How do I set up Relative Strength Index, and how does it help in trading?
A Relative Strength Index (RSI) indicator is used to determine the asset price movement magnitude and speed. It is one of the most popular indicators used by traders. An RSI is displayed as an oscillator on a scale from 0 to 100.
How to calculate a Relative Strength Index (RSI)
You can calculate the RSI by the following formula:
RSI = 100 - (100 / (1 + RS))
RS is calculated as follows:
- calculate the average value of positive price movements
- calculate the average value of negative price movements
Then, use the formula RS = average of positive price movements/average of negative price movements.

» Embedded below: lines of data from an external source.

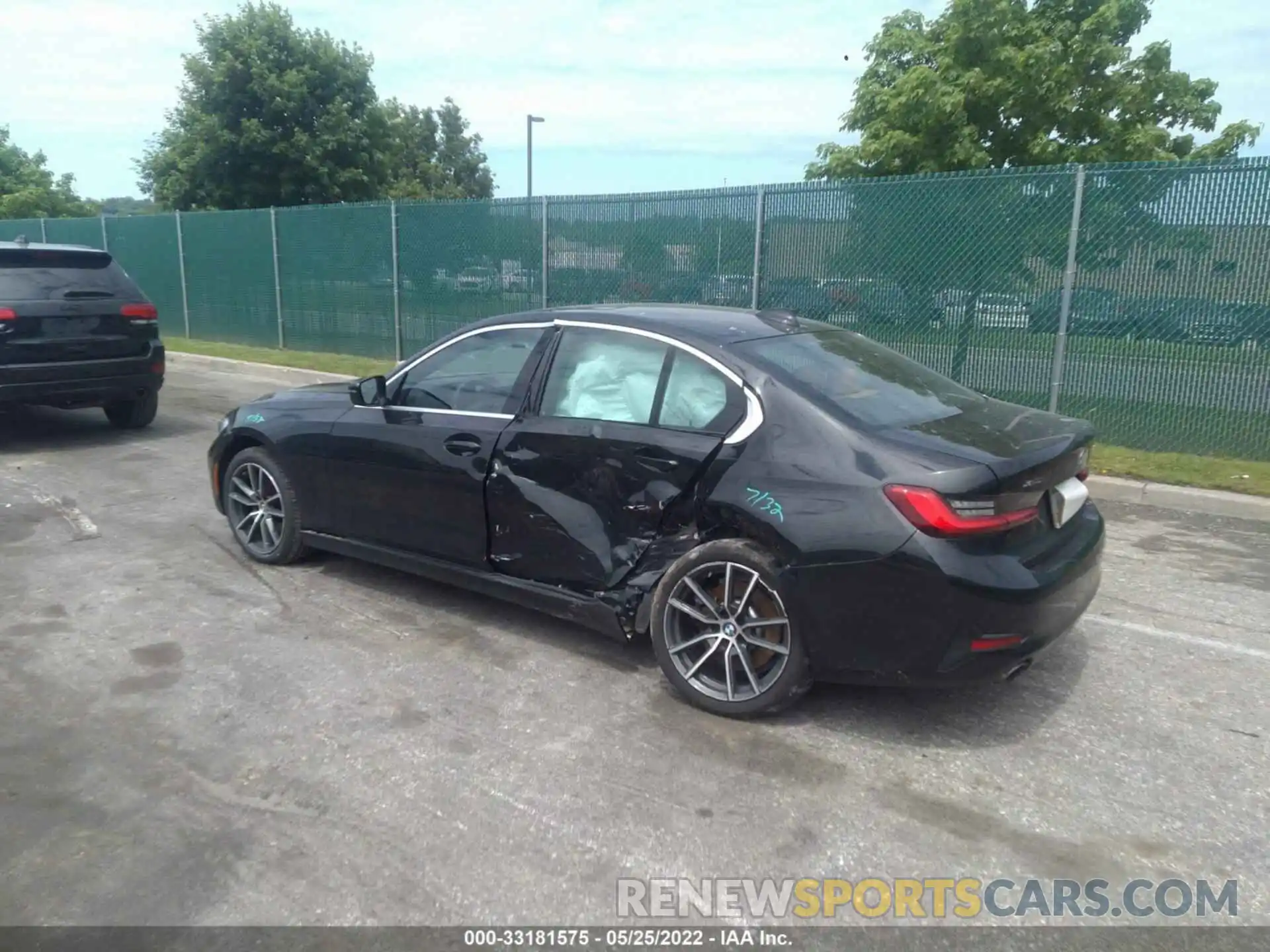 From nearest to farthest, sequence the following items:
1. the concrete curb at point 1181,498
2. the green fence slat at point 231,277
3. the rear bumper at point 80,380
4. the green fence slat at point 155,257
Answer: the concrete curb at point 1181,498
the rear bumper at point 80,380
the green fence slat at point 231,277
the green fence slat at point 155,257

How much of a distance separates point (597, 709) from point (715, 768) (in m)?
0.66

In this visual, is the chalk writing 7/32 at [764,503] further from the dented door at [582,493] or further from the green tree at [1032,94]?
the green tree at [1032,94]

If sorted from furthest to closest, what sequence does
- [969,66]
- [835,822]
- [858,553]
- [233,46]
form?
[233,46] → [969,66] → [858,553] → [835,822]

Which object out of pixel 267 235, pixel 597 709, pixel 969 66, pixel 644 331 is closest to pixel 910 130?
pixel 969 66

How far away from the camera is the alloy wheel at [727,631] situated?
3.85 meters

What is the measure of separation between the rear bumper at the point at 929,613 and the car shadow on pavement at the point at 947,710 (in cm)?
23

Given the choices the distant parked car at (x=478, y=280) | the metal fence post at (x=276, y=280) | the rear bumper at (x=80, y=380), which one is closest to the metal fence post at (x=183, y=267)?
the metal fence post at (x=276, y=280)

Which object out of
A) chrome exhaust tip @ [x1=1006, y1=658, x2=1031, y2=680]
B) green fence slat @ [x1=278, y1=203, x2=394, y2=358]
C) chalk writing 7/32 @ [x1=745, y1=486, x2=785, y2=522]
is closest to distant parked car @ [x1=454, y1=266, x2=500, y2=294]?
green fence slat @ [x1=278, y1=203, x2=394, y2=358]

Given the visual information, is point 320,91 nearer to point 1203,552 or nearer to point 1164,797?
point 1203,552

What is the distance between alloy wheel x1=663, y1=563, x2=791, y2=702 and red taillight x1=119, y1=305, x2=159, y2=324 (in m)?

Once calculated, the RSI line is plotted below the price line.
How to use an RSI
The RSI changes from 0 to 100. If the RSI climbs over 70, it signals that the asset is overbought, and soon, a trend reversal may come. So, you may consider selling the asset. If the RSI drops below 30, it means that the asset is oversold, and soon, a trend reversal may come. So, you may consider buying the asset.
Do not forget that the RSI is not a reliable indicator, and an asset may stay in an oversold or overbought condition for a long time without a trend reversal. That’s why it is recommended to use the RSI in combination with other signals.
How to set up RSI
To set up signals based on an RSI movement, open the Alerts tab.
- Pick the exchange.
- Select the coin pair for which you want to receive alerts.
- In the Select indicator field, pick RSI - Relative Strength Index.
- Click on the Set Alert button.
That’s it. Now, you will receive alerts as soon as a Buy or a Sell signal comes.